As GitLab’s database hosts sensitive information, using it unfiltered for analytics implies high security requirements. To help alleviate this constraint, the Pseudonymizer service is used to export GitLab’s data in a pseudonymized way.

Warning: This process is not impervious. If the source data is available, it’s possible for a user to correlate data to the pseudonymized version.

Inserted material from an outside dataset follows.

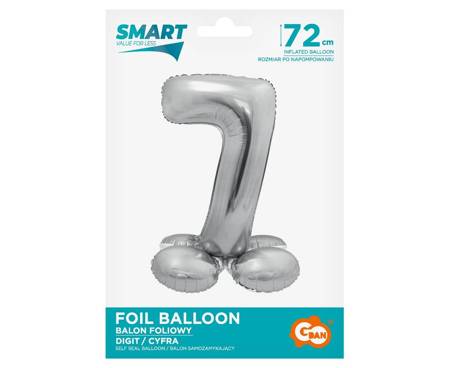 Folienballon, stehende Zahl 7, Silber, 72 cm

The Pseudonymizer currently uses HMAC(SHA256) to mutate fields that shouldn’t be textually exported. This ensures that:

  • the end-user of the data source cannot infer/revert the pseudonymized fields
  • the referential integrity is maintained


To configure the pseudonymizer, you need to:

  • Provide a manifest file that describes which fields should be included or pseudonymized (example manifest.yml file). A default manifest is provided with the GitLab installation. Using a relative file path will be resolved from the Rails root. Alternatively, you can use an absolute file path.
  • Use an object storage and specify the connection parameters in the pseudonymizer.upload.connection configuration option.

Read more about using object storage with GitLab.

For Omnibus installations:

  1. Edit /etc/gitlab/gitlab.rb and add the following lines by replacing with the values you want:

    gitlab_rails['pseudonymizer_manifest'] = 'config/pseudonymizer.yml'
    gitlab_rails['pseudonymizer_upload_remote_directory'] = 'gitlab-elt' # bucket name
    gitlab_rails['pseudonymizer_upload_connection'] = {
      'provider' => 'AWS',
      'region' => 'eu-central-1',
      'aws_access_key_id' => 'AWS_ACCESS_KEY_ID',
      'aws_secret_access_key' => 'AWS_SECRET_ACCESS_KEY'
    Note: If you are using AWS IAM profiles, be sure to omit the AWS access key and secret access key/value pairs.
    gitlab_rails['pseudonymizer_upload_connection'] = {
      'provider' => 'AWS',
      'region' => 'eu-central-1',
      'use_iam_profile' => true
  2. Save the file and reconfigure GitLab for the changes to take effect.

For installations from source:

  1. Edit /home/git/gitlab/config/gitlab.yml and add or amend the following lines:

      manifest: config/pseudonymizer.yml
        remote_directory: 'gitlab-elt' # bucket name
          provider: AWS
          aws_access_key_id: AWS_ACCESS_KEY_ID
          aws_secret_access_key: AWS_SECRET_ACCESS_KEY
          region: eu-central-1
  2. Save the file and restart GitLab for the changes to take effect.


You can optionally run the pseudonymizer using the following environment variables:

  • PSEUDONYMIZER_OUTPUT_DIR - where to store the output CSV files (defaults to /tmp)
  • PSEUDONYMIZER_BATCH - the batch size when querying the DB (defaults to 100000)
## Omnibus
sudo gitlab-rake gitlab:db:pseudonymizer

## Source
sudo -u git -H bundle exec rake gitlab:db:pseudonymizer RAILS_ENV=production

This will produce some CSV files that might be very large, so make sure the PSEUDONYMIZER_OUTPUT_DIR has sufficient space. As a rule of thumb, at least 10% of the database size is recommended.

After the pseudonymizer has run, the output CSV files should be uploaded to the configured object storage and deleted from the local disk.